同基地に隣接する嘉手納町東区の島袋敏雄自治会長(62)は「最新鋭の戦闘機やその要員が配備されることで、事件・事故の危険性は高まる。日米両政府は地元住民の不安の声をしっかりと受け止めてほしい」と話した。
街宣カーの壇上で抗議の声を上げた新嘉手納爆音訴訟団の仲村清勇団長(69)は「やりたい放題の米軍に、住民の怒りは限界にきている。これ以上の負担は絶対に許せない」と訴えた。

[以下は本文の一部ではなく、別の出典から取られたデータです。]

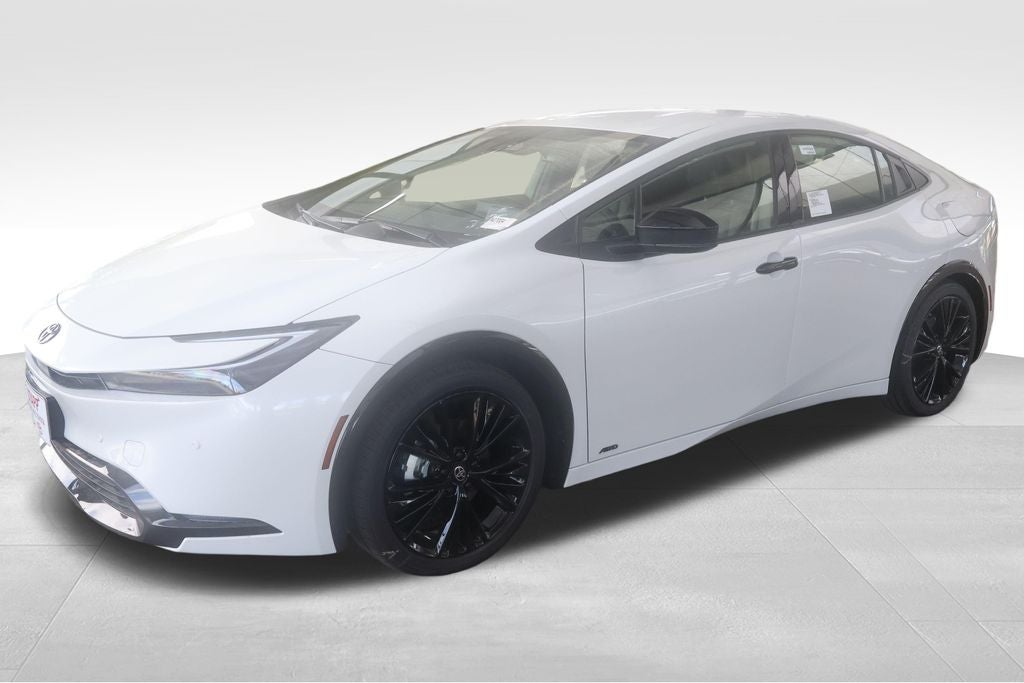 2027 Toyota Prius Nightshade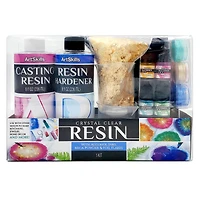 ArtSkills® Epoxy Resin Kit with Molds for Beginners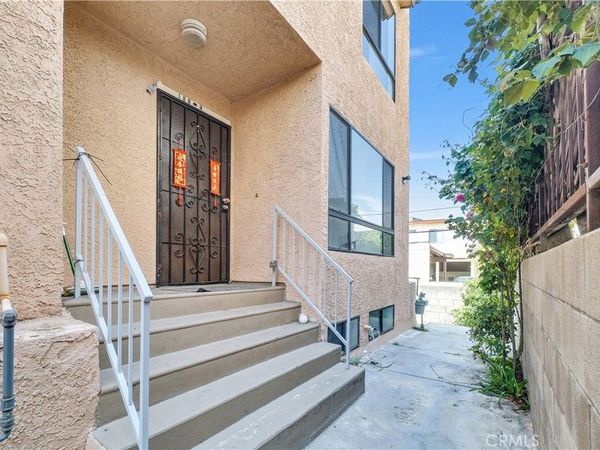 105 S Marguerita Avenue, Unit F, Alhambra, CA 91801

「『基地縮小』、『負担軽減』という言葉の意味が分かっているのか」。嘉手納基地からの騒音に日々、悩まされる北谷町砂辺区の松田正二自治会長は怒りをぶちまけた。「われわれはいつも裏切られてばかり。日米両政府で決めたことは、嘉手納基地の負担軽減だったはず。しかし、現実は誰の目から見ても強化でしかない。不信感でいっぱいだ」と吐き捨てるように言った。
嘉手納基地の北側に位置する沖縄市白川の黙認耕作地では、朝から畑にくわを入れる姿が見られた。F22が飛来する様子を真下から見た男性は、「意外と静か。でもここで働く人は皆耳が遠くなっているから、そのせいかもしれない」と苦笑する。
最新鋭機の配備に「嘉手納基地は強化されるばかりで大変だ。このままではいつまでも返ってこない。反対しなければいけない」と語気を強めた。
一方、離れた所で耕作していた女性は「飛行機が飛ぶのにはもう慣れてしまった。何があるか分からないから、備えはしていた方がいいのではないか」と語った。
★アフターバーナー(ウイキペディア抜粋)
ジェットエンジンの排気にもう一度燃料を吹きつけて燃焼させ、高推力を得る装置。
アフターバーナー無しの状態に比べ、50%程度の推力向上が期待できるが、得られる推力に比べ燃料消費が非常に大きい。例えばF-15はミサイルなどの武装を一切積まずに巡航速度で飛べば数時間は飛行可能だが、アフターバーナーを全開にし続けると15 - 20分で燃料を使い切ってしまう。
アフターバーナーは大量の燃料を消費するため、主に高推力が必要なときのみ使用される。旅客機や爆撃機の場合は離陸時と超音速飛行への遷移時に、戦闘機の場合はそれに加え、戦闘機動時にも用いられる。
また最近ではジェットエンジンや機体そのものの技術の革新に伴い、ロッキード・マーティン社のF-22戦闘機のように、アフターバーナーなしでの超音速飛行を可能にした飛行機も存在する。